2.6. Statistical analysis
Statistical comparisons were performed using GraphPad Prism software. The significance of the differences between the treatment group and control in the mRNA expressions (cytokines, toll-like receptor, and antiviral molecules) was determined by the ANOVA and Mann-Whitney accordingly.
3. Results
3.1. PDCoV was highly pathogenic to weaned piglets
To evaluate the pathogenicity of PDCoV in weaned piglets, we experimentally infected 33-day old conventional weaned piglets with PDCoV CHN-GD-2016. As shown in Fig. 1 A, the weaned piglets inoculated with CHN-GD-2016 at a dose of 1 × 109 TCID50/head via oral feeding showed acute and severe watery diarrhea from 1 d.p.i. to 7 d.p.i., as compared with controls.

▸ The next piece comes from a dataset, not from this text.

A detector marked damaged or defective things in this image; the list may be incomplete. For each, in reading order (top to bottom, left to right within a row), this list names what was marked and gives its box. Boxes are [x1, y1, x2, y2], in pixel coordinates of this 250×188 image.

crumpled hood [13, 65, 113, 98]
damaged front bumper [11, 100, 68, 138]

To confirm the presence of PDCoV, virus RNA was detected by qRT-PCR in fecal swabs collected from orally inoculated piglets from 1 d.p.i. to 7 d.p.i., and no PDCoV RNA was detected in the negative control piglets during the study (Fig. 1B). Taken together, these results demonstrated that PDCoV was highly pathogenic to the weaned piglets.
3.2. Histopathological and immunohistochemistry results of weaned piglets infected with PDCoV
To determine the histological changes in weaned piglets infected with the PDCoV, piglets were necropsied at 3 d.p.i. and 7 d.p.i. As shown in Fig. 2 B&D, blunt intestinal villus was observed, while that in negative control was normal (Fig. 2A&C). In addition, PDCoV antigen was detected in the cytoplasm of the villous enterocytes of the PDCoV-challenged piglets by immunohistochemical analysis (Fig. 2F&H), but no PDCoV antigen was detected in negative control (Fig. 2E&G). Taken together, these results indicate that PDCoV could cause intestinal lesion in weaned piglets.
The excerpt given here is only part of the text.